Countless millions of people around the world have heard Barbra Streisand sing, whether it be on recordings, on stage or on the screen. Hearing her talk about her personal life and her career is a much less frequent occurrence - and that's where our Rita Braver comes in:
"Oh, I'd love a spot of tea . . . " said Barbra.
"I would love to pour," said Braver.
"Thank you, dear."
It was kind of a dream ... pouring Barbra Streisand tea in London, where she told me she shot her film "Yentl."
"Everyone treated me, as a first-time director, woman director, with such great respect," she said, "because they had the queen in a powerful position, and they had Margaret Thatcher as prime minister.

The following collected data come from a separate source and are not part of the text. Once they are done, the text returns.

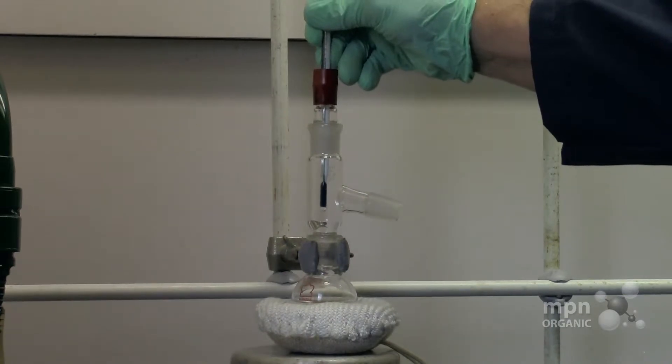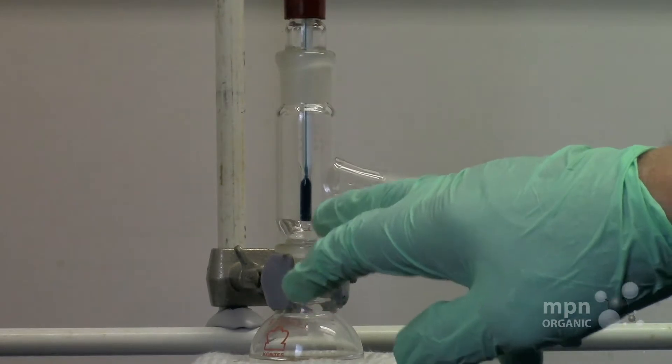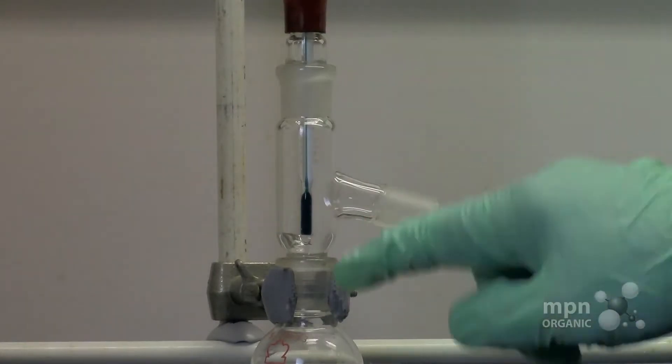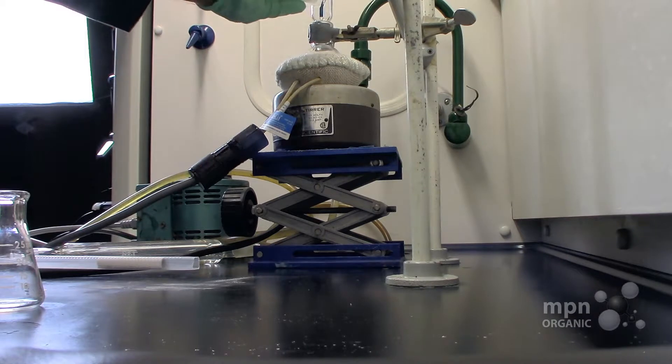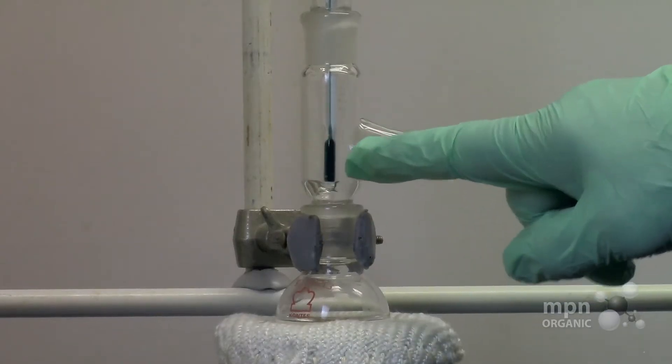This is going to go into the three-way connector. Now we want to make sure that the distillation thermometer is about this level down here. The reason is if it's too low it'll record too high a temperature, and if it is too high it will record too low a temperature. It should be right about in the middle where the side tube comes out of the main tube — where it splits the thermometer bulb in half. That's about right.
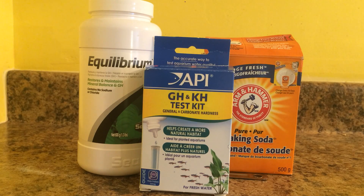So what is KH and GH? KH and GH is basically the hardness of water — KH being the carbonate hardness and GH being the general hardness of the water. It is very important in aquariums. You can read up on it, but I'm just going to show you guys how to raise it today.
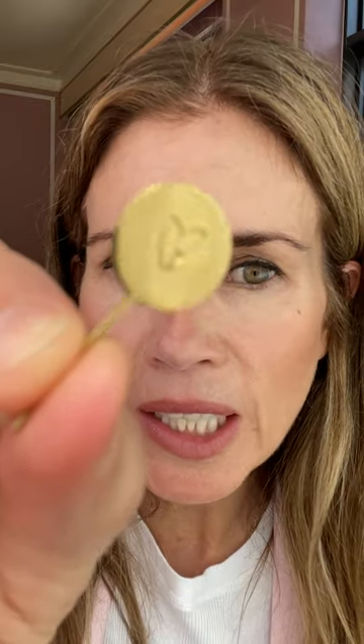With your first order, the refill comes with this customized key that we made specially for the refills. If you lose your key for whatever reason, you can easily use a paperclip or something like that.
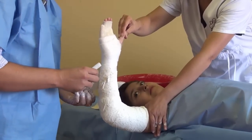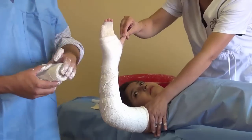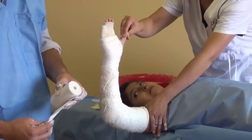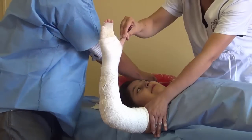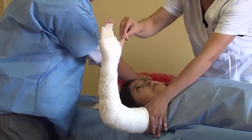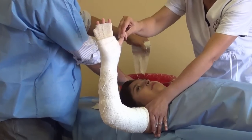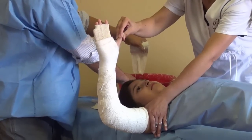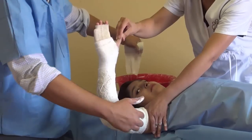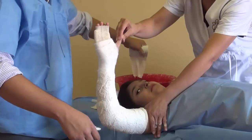This is our first cast. For the second one, same thing: unroll it about 10 centimeters first, then get it wet until no bubbles are coming out. Let it drain. And since we already did the elbow, we're just going to go straight down to the wrist and back.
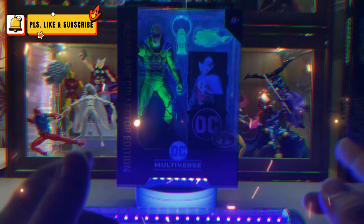It's even hollow at the back of the DC Multiverse collector's card. One energy effect accessory included. And the lantern, where they recharge the rings.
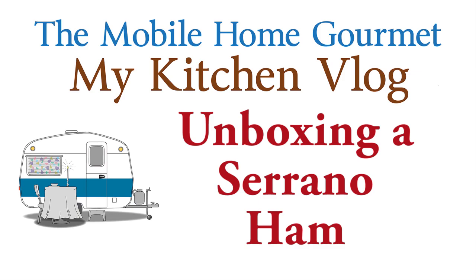It's unboxing time again and I'm actually going to try to get two videos out of this one — one for my kitchen vlog channel, done a little differently from my mobile home gourmet channel on YouTube. I bought something today at the suggestion of a friend who said it was a really good price because it was after-Christmas clearance. I bought a Serrano ham at Costco and paid $49.97 for it. My friend said the price before Christmas was $99.99, and I found the same product on Amazon for $188, so $50 was a pretty good deal.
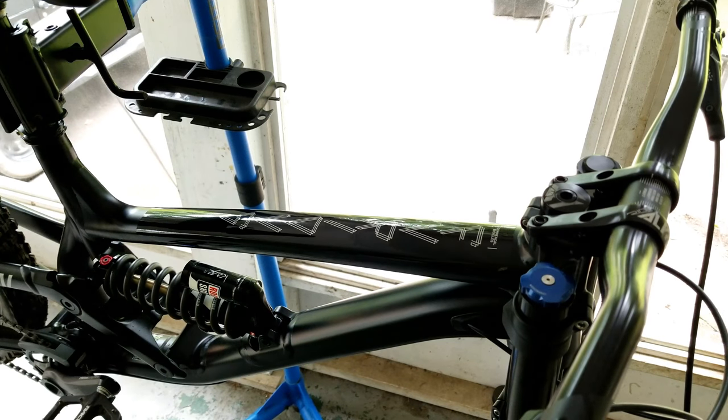Guys, welcome back. As promised, today we're doing a video on how to protect your bike for cheap. You're not gonna need much — this should take about 10 minutes, and once you get it down it goes even quicker.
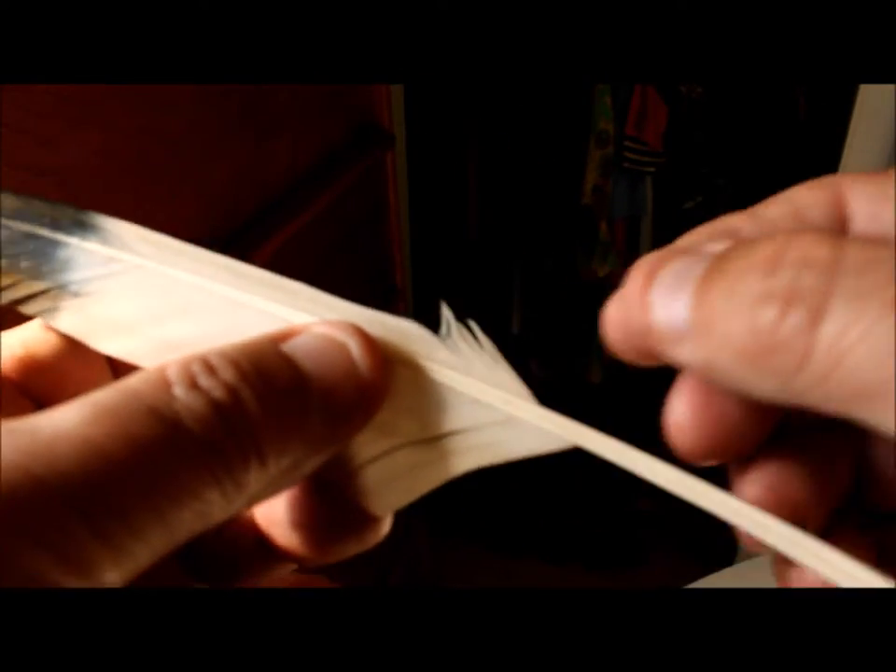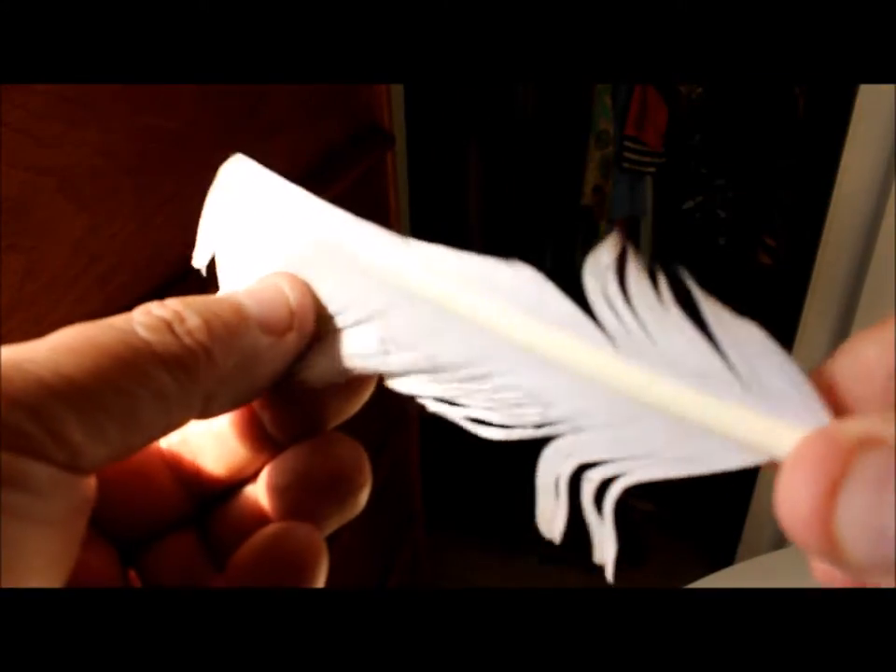Another example you could pick up at an arts and crafts store — this one has some really nice barred fibers that you could use for biots on the abdomen of the fly we're tying here. Again, this is a chicken feather from an arts and crafts store.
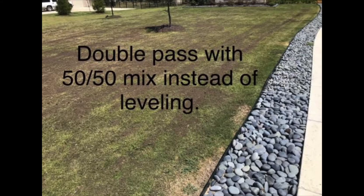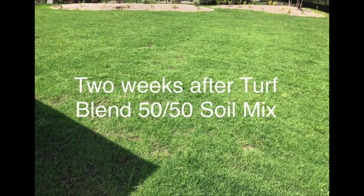On some lawns we'll do a hybrid — some comprehensive leveling combined with some double pass. Also note that depending on how tall your grass is, your results may look a little different. In some pictures you'll see a lot of soil on top because the grass is pretty short. If your grass is taller, you may not see as much because it falls through the grass blades.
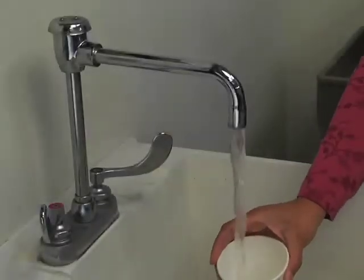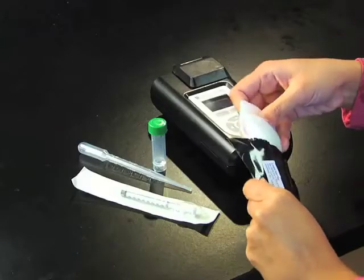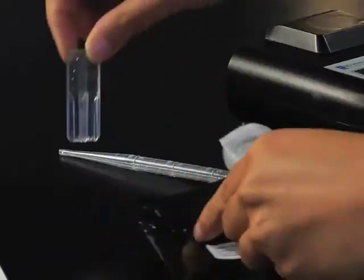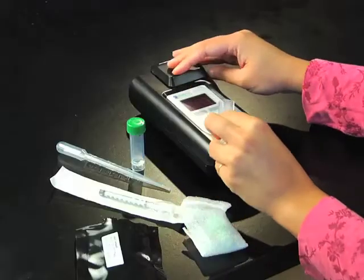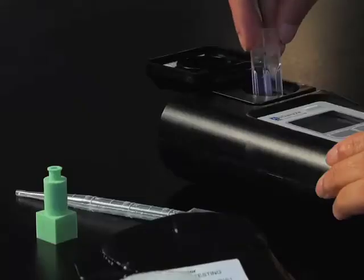Take the sample of water to be tested. Unpackage the sensor, cuvette, syringe, and sample tube. Place the sensor and cuvette in place with the arrow on the cuvette facing you.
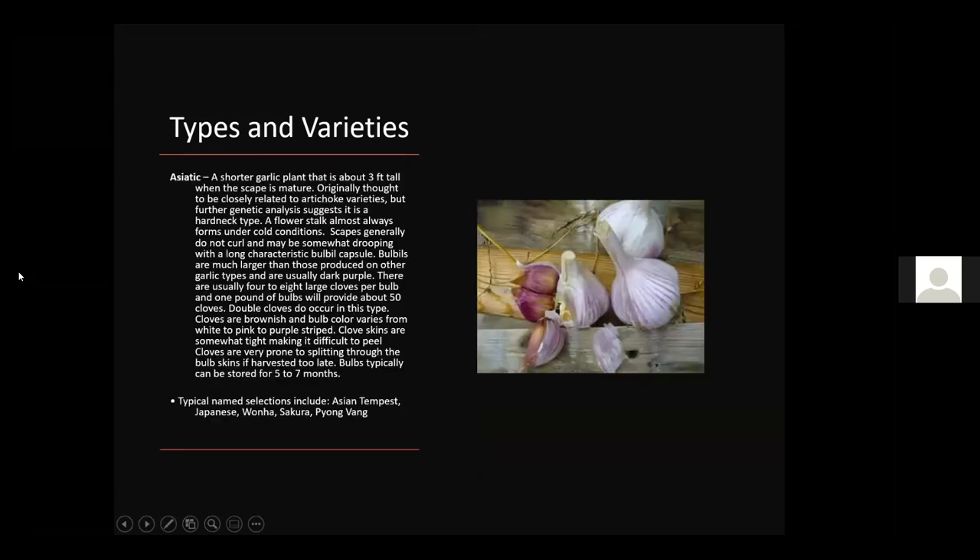Asiatic is a shorter garlic plant, only about three feet tall with the scape. A flower stalk almost always forms under cold conditions, so in our typical Kentucky winter they likely would form one. There are usually about four to eight large cloves per bulb, and one pound provides about 50 cloves. This variety can be stored up to seven months. Varieties include Asian Tempest and Japanese.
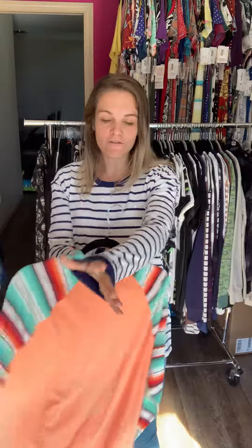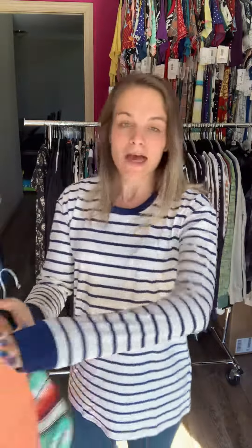They both have the cuffs, which I wasn't sure I liked at first, but they're the most comfortable cuff. They're not tight, they don't feel uncomfortable — you can roll your sleeves up and they still don't feel tight on your arm. So these are super comfortable tops. They're newer to LuLaRoe and they're the most comfortable things ever. If you love your long sleeve tops, these are going to be easy ones for you.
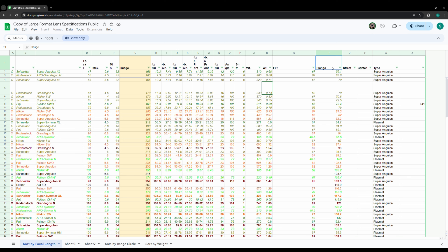I sorted by the lowest flange distance and looked for lenses with an image circle of at least 170 millimeters for the 6x17. The Rodenstock Grandagon meets that criteria — it's the 65mm lens, which is the lens I have. I'll share the link to this page in the description, so do have a look if you're also designing your own camera.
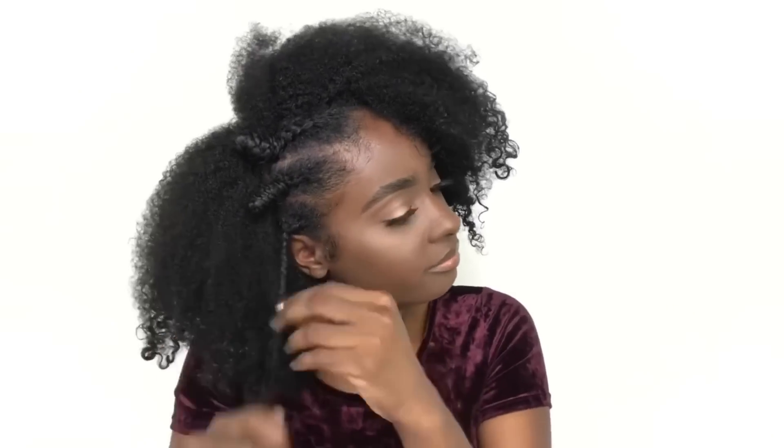Now we're going to go ahead and take that first style down. This is a bonus style — you can always just wear your hair out in its natural state. But now we're going to apply more Hair Milk to set the foundation and add more moisture for the next hairstyle, which is actually a protective style.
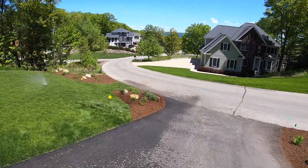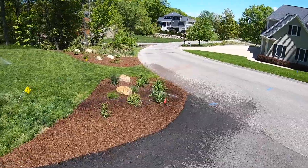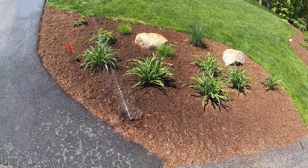The sprinkler in question is down here at the bottom of the driveway, and you can see that it's not tall enough — it's just kind of sunk over time — and it's really throwing water right into the lilies.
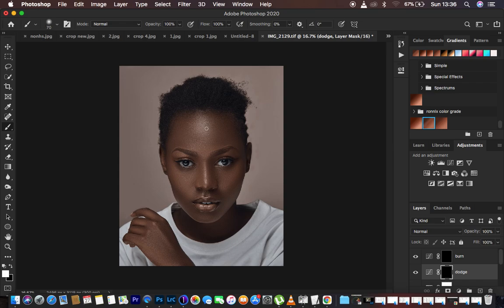Now come to the areas we want to enhance or brighten in the image and simply draw lines using a white brush — that will reveal the effect hidden behind the black mask. For the dodge, draw lines on the bright areas: along the cheekbone, the chin area, any highlights. We're just drawing lines on the areas we want to enhance.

"So what was a little woman/actress director? Nothing!"
"Well, no one would ever call Barbra Streisand "nothing."
She's been one of the biggest stars in the world for more than 40 years . . . singing, acting, clowning, directing.
And when we caught up with her in London for a rare interview, we have to admit: it was a big deal.
"People still really are interested in you after all this time," Braver said. "They're fascinated by you. Any idea why?"
"No," she laughed. "No. I don't know. Do you? Do you know why?"
"You are a little mysterious," Braver said. "You don't go out in public all the time. You're not out on the scene."
"It's just that I'd rather say home," Streisand laughed. "You know, curl up with a good book, watch a movie. When you go out in public it's hard. I mean, they're taking pictures of you - they always choose the worst ones!
"You're in performance in a way, you know? You're on show. I don't enjoy that, I really don't."
Of course, these days, Barbra Streisand, now 67, has the power to decide when and how she wants to put on a show. After all, she's the best-selling female recording artist in history, with 71 million records sold and 10 Grammies.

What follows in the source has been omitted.